Task description: Write out the entries below exactly as they stand. Skip every image.

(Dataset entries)
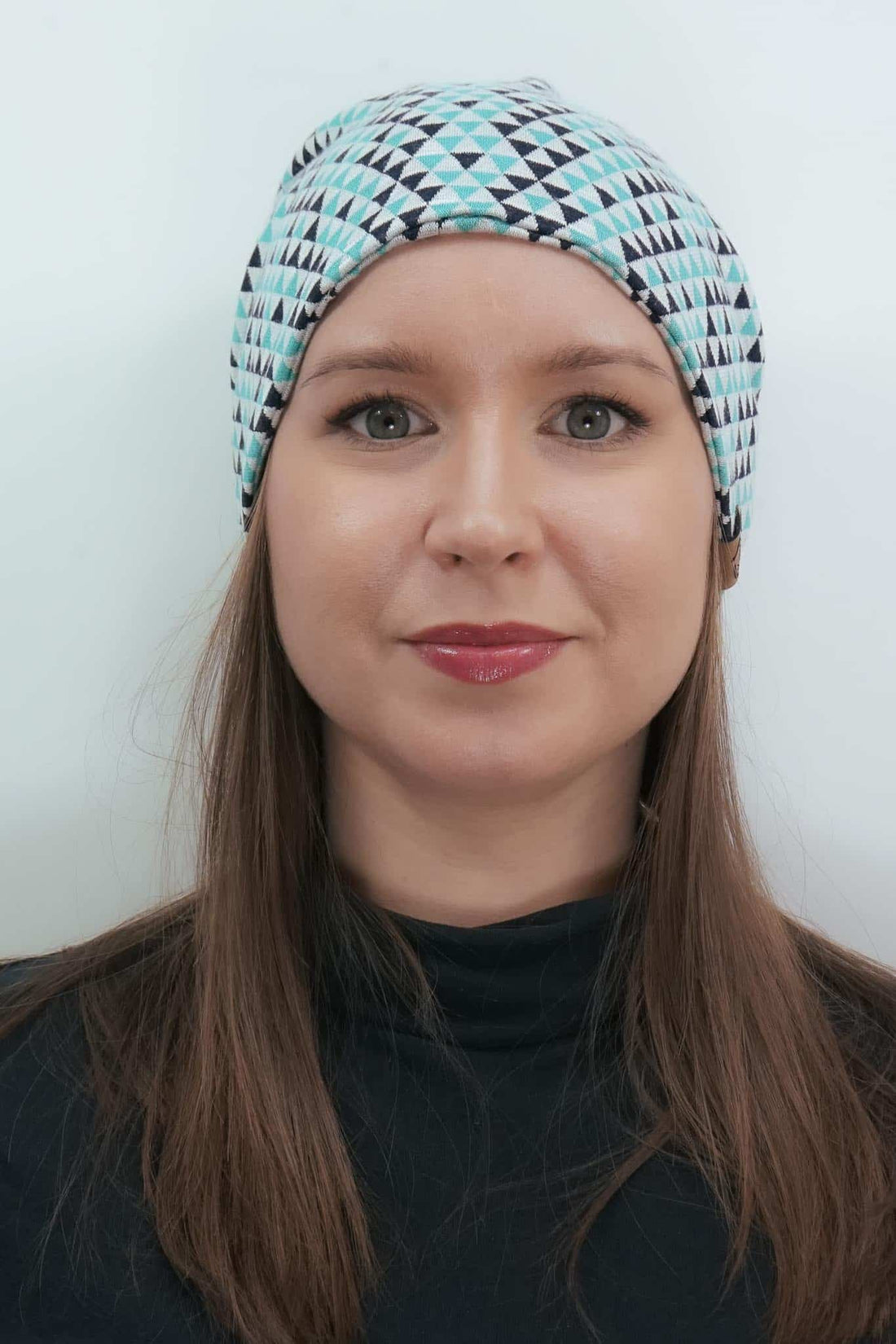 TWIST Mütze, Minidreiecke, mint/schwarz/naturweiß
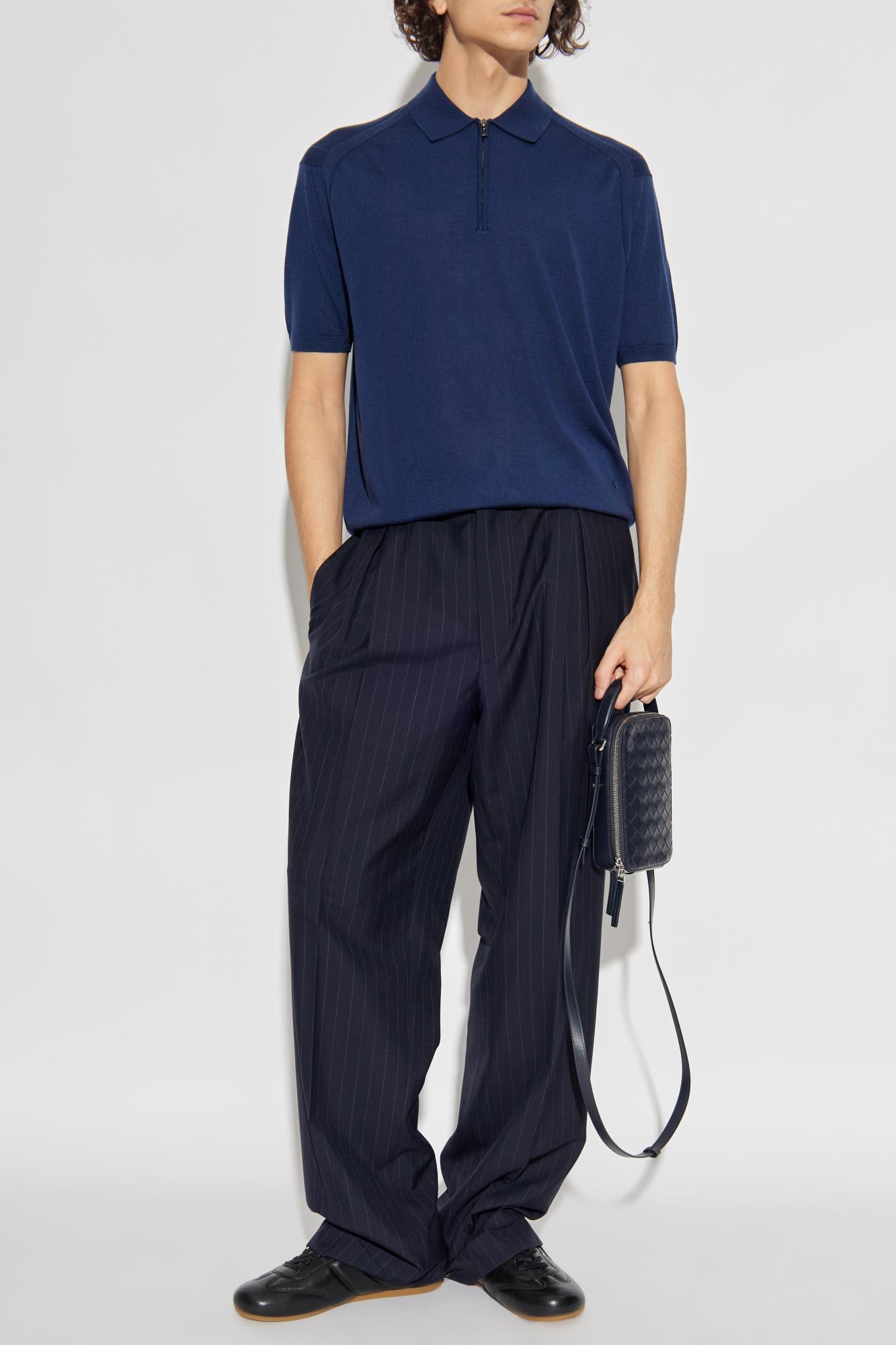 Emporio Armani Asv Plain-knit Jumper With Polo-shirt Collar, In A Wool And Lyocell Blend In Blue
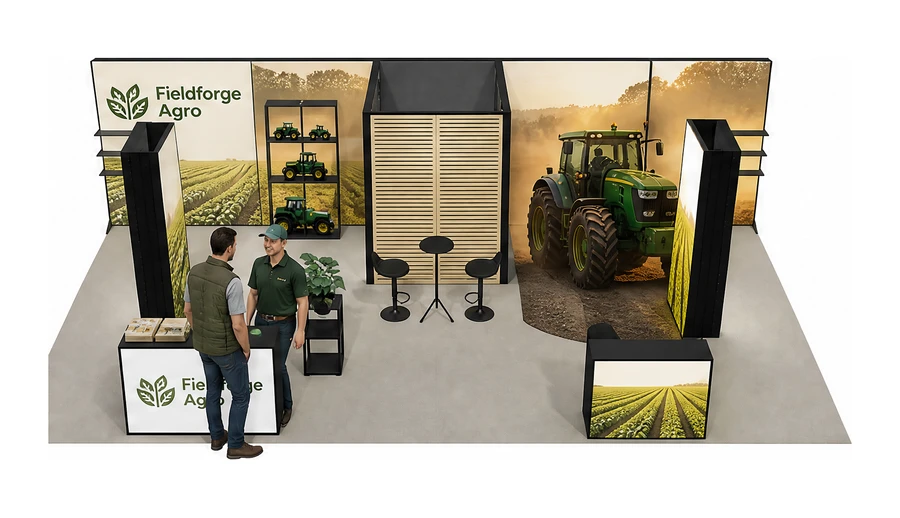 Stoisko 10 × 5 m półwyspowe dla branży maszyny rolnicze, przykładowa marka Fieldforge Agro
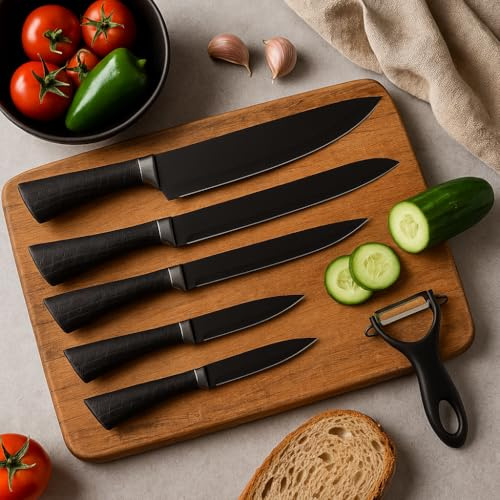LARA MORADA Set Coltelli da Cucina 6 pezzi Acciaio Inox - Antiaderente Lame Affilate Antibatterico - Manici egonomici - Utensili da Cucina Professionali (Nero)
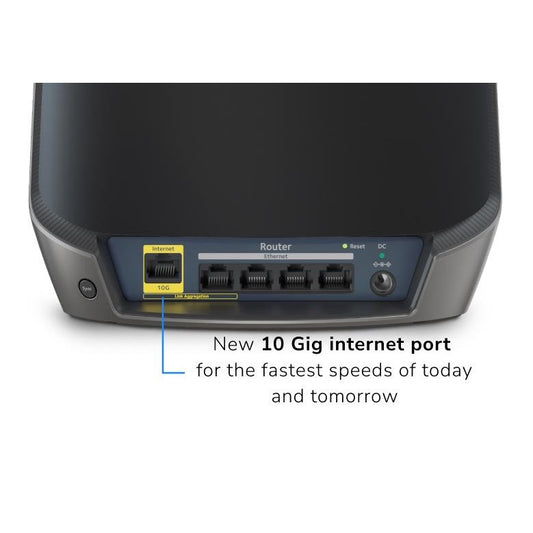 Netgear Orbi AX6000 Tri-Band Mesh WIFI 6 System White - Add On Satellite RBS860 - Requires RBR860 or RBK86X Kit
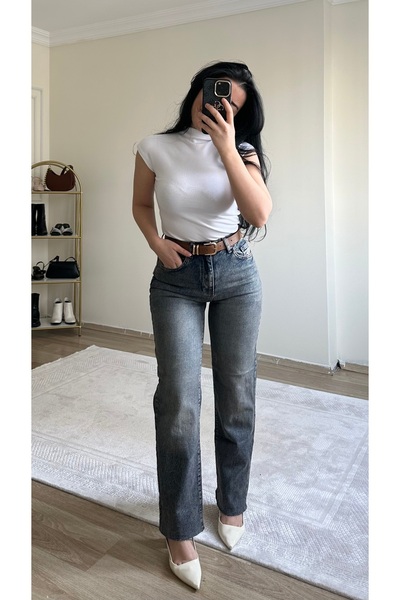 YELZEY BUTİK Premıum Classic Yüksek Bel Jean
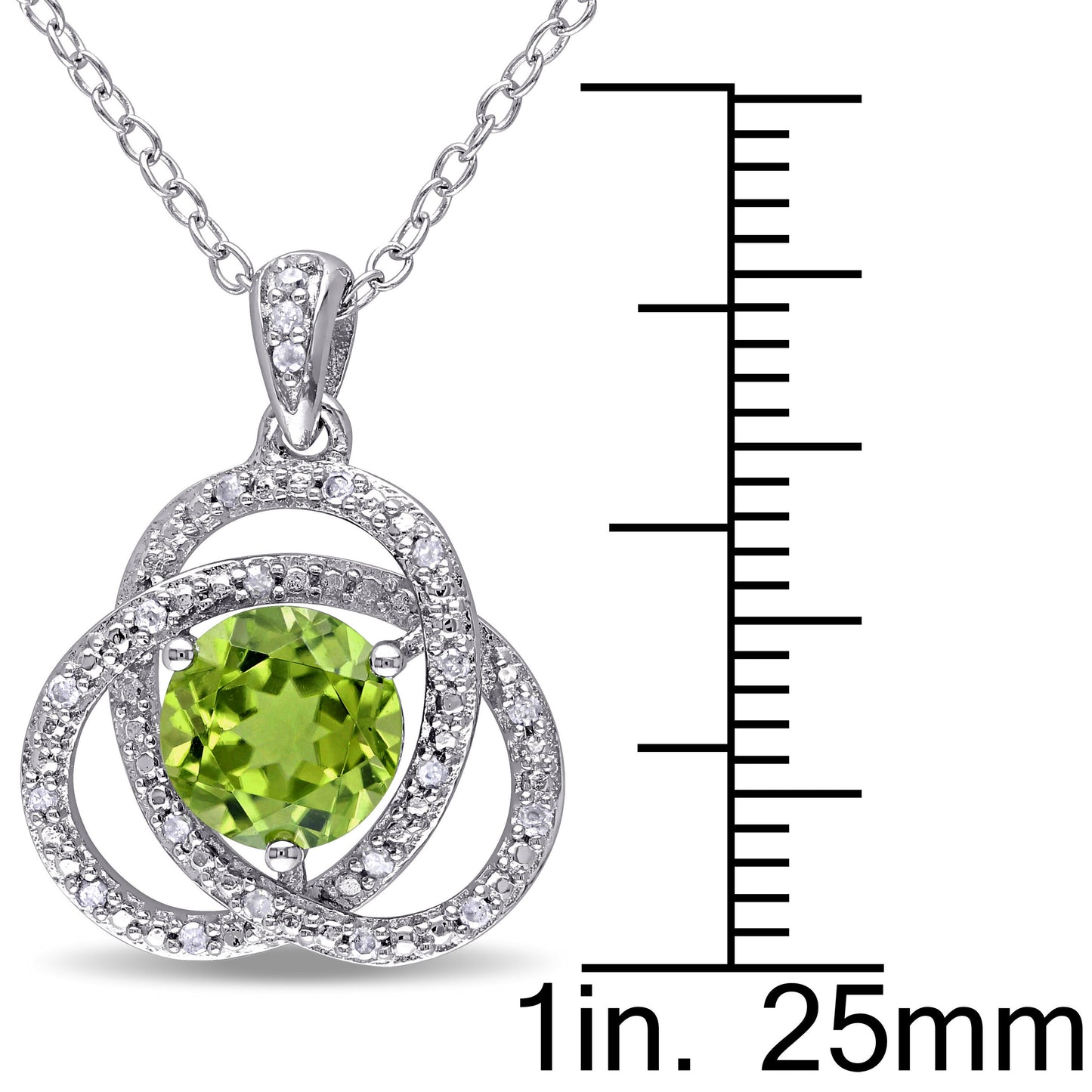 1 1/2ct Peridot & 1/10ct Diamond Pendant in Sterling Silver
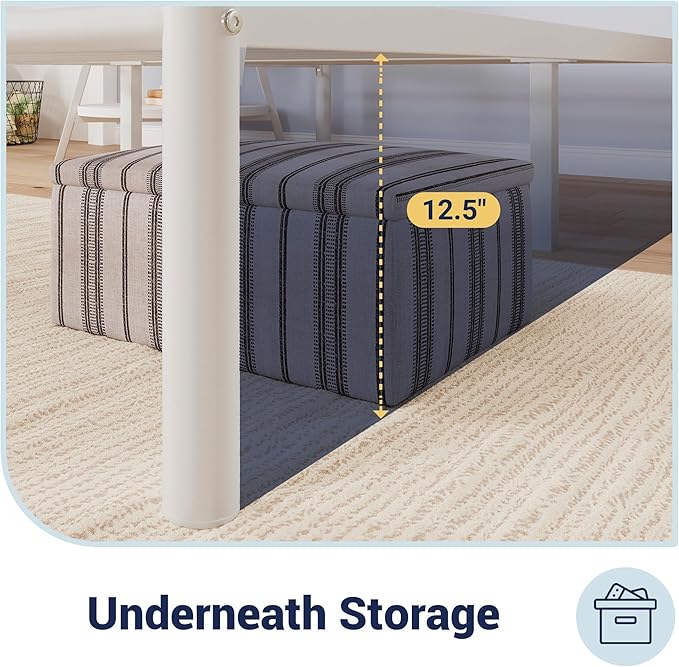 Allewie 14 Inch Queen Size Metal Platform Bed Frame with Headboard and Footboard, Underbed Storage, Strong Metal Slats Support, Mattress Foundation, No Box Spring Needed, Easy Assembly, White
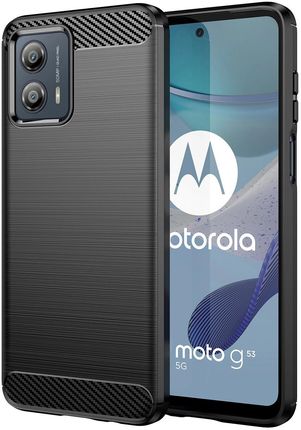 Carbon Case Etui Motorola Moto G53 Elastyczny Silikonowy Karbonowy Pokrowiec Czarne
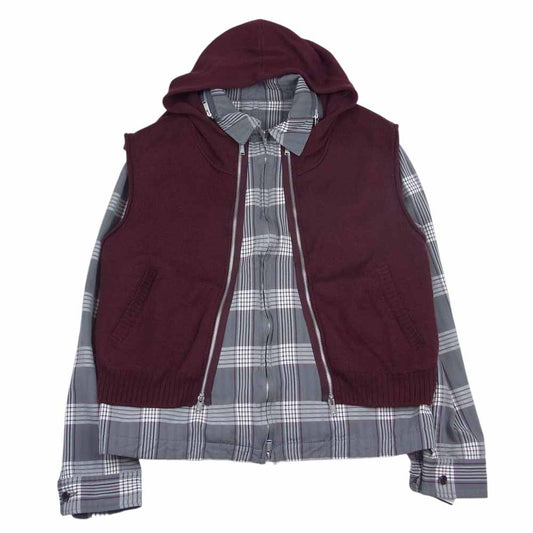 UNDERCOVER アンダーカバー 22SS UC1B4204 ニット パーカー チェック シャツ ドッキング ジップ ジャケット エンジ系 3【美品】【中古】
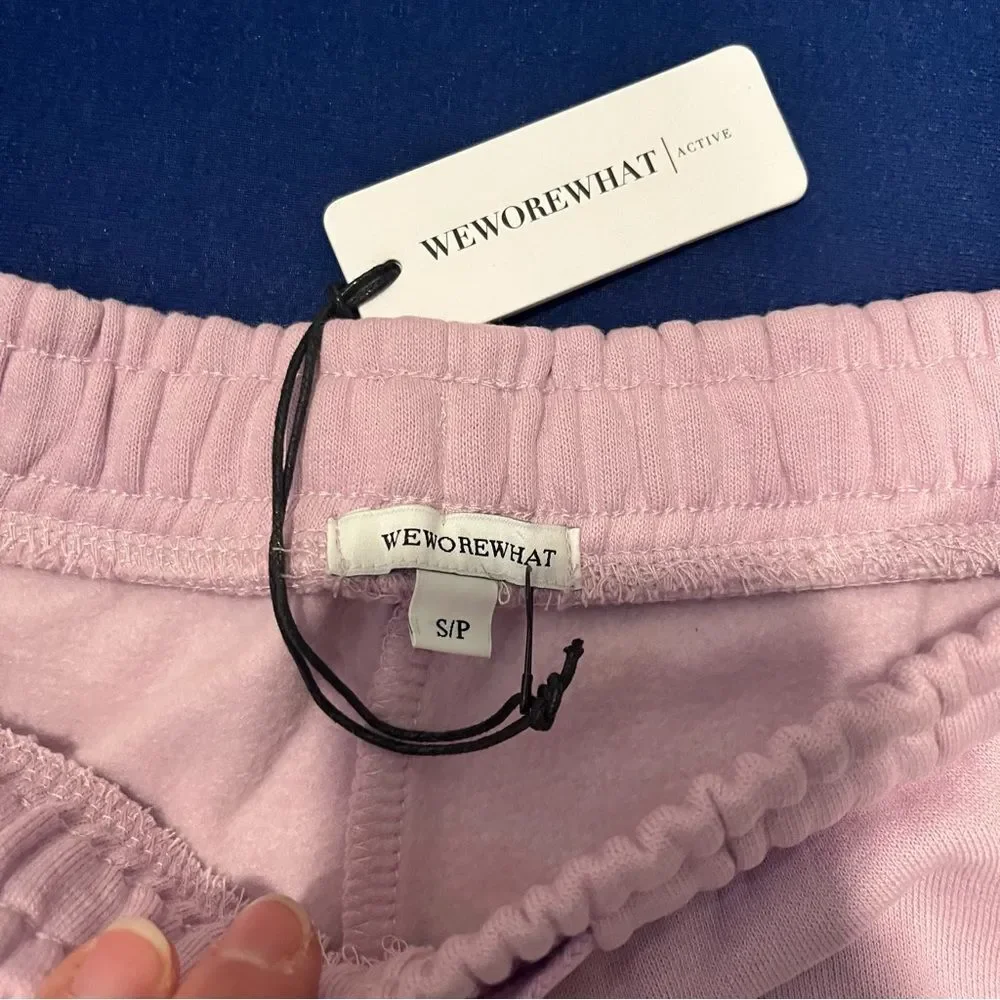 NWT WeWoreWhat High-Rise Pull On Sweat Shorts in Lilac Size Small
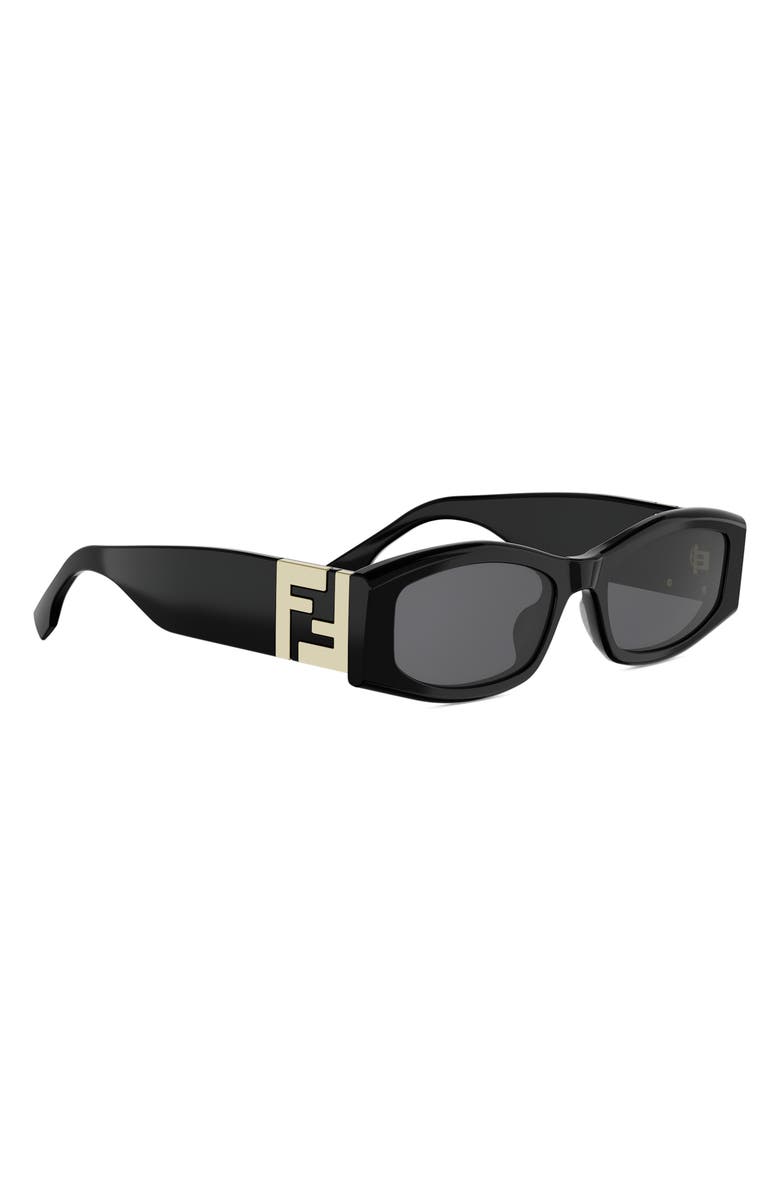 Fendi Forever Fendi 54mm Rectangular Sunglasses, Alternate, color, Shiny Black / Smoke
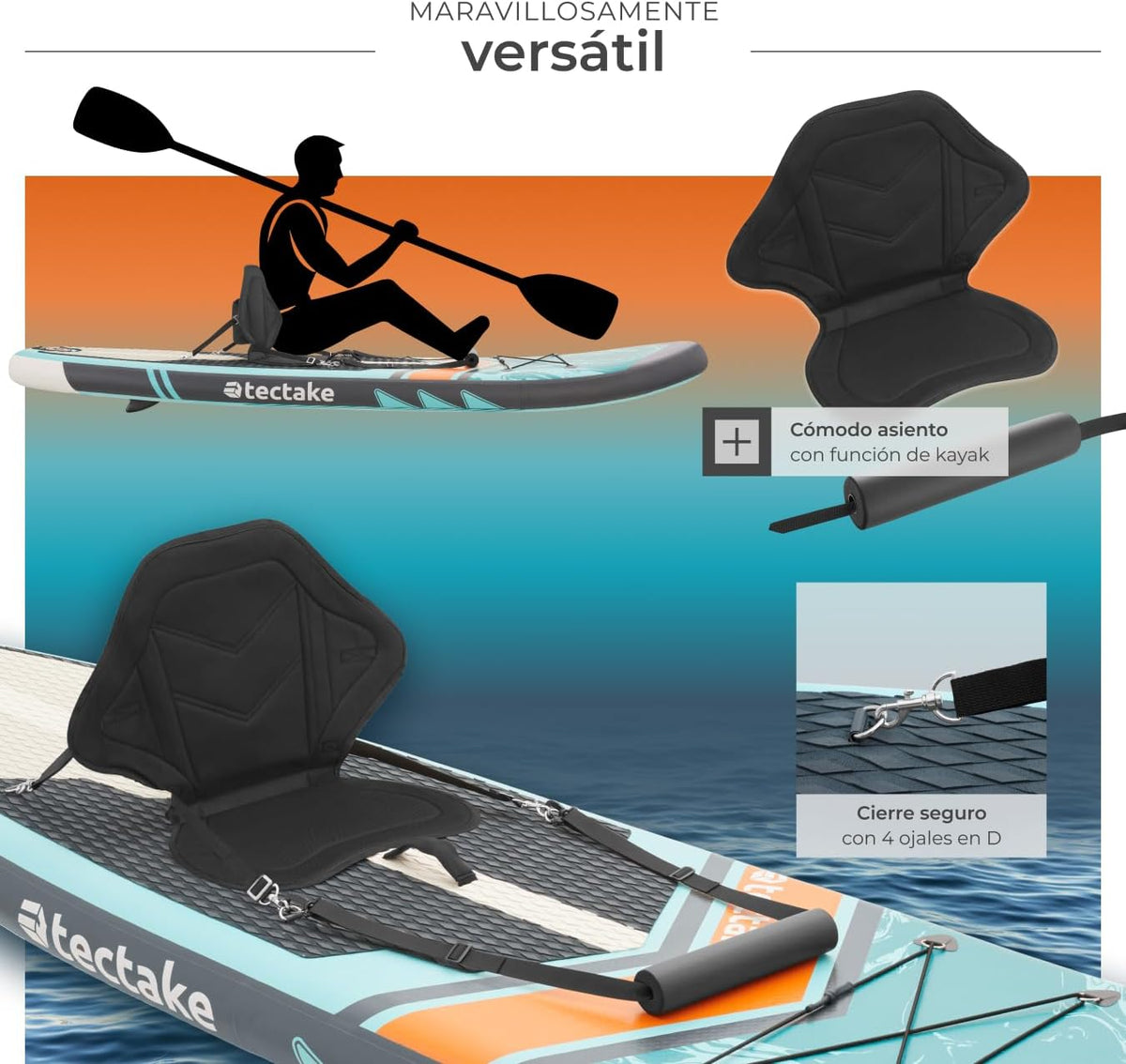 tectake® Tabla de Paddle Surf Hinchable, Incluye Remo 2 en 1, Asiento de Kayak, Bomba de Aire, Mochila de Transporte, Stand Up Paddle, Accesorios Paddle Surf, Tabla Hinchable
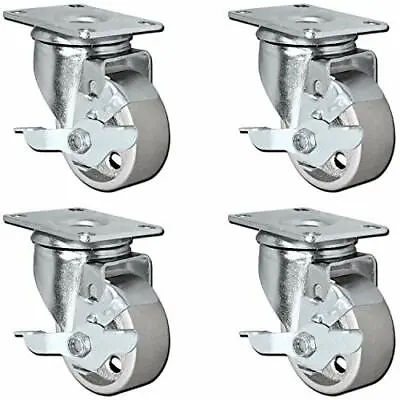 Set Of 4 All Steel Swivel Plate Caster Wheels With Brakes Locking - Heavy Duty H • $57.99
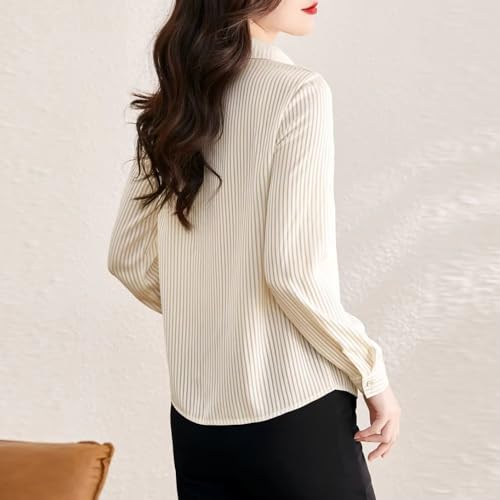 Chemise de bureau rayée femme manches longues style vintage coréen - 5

Task solution:
 TWIST Mütze, Minidreiecke, mint/schwarz/naturweiß
 Emporio Armani Asv Plain-knit Jumper With Polo-shirt Collar, In A Wool And Lyocell Blend In Blue
 Stoisko 10 × 5 m półwyspowe dla branży maszyny rolnicze, przykładowa marka Fieldforge Agro
LARA MORADA Set Coltelli da Cucina 6 pezzi Acciaio Inox - Antiaderente Lame Affilate Antibatterico - Manici egonomici - Utensili da Cucina Professionali (Nero)
 Netgear Orbi AX6000 Tri-Band Mesh WIFI 6 System White - Add On Satellite RBS860 - Requires RBR860 or RBK86X Kit
 YELZEY BUTİK Premıum Classic Yüksek Bel Jean
 1 1/2ct Peridot & 1/10ct Diamond Pendant in Sterling Silver
 Allewie 14 Inch Queen Size Metal Platform Bed Frame with Headboard and Footboard, Underbed Storage, Strong Metal Slats Support, Mattress Foundation, No Box Spring Needed, Easy Assembly, White
 Carbon Case Etui Motorola Moto G53 Elastyczny Silikonowy Karbonowy Pokrowiec Czarne
 UNDERCOVER アンダーカバー 22SS UC1B4204 ニット パーカー チェック シャツ ドッキング ジップ ジャケット エンジ系 3【美品】【中古】
 NWT WeWoreWhat High-Rise Pull On Sweat Shorts in Lilac Size Small
 Fendi Forever Fendi 54mm Rectangular Sunglasses, Alternate, color, Shiny Black / Smoke
 tectake® Tabla de Paddle Surf Hinchable, Incluye Remo 2 en 1, Asiento de Kayak, Bomba de Aire, Mochila de Transporte, Stand Up Paddle, Accesorios Paddle Surf, Tabla Hinchable
 Set Of 4 All Steel Swivel Plate Caster Wheels With Brakes Locking - Heavy Duty H • $57.99
 Chemise de bureau rayée femme manches longues style vintage coréen - 5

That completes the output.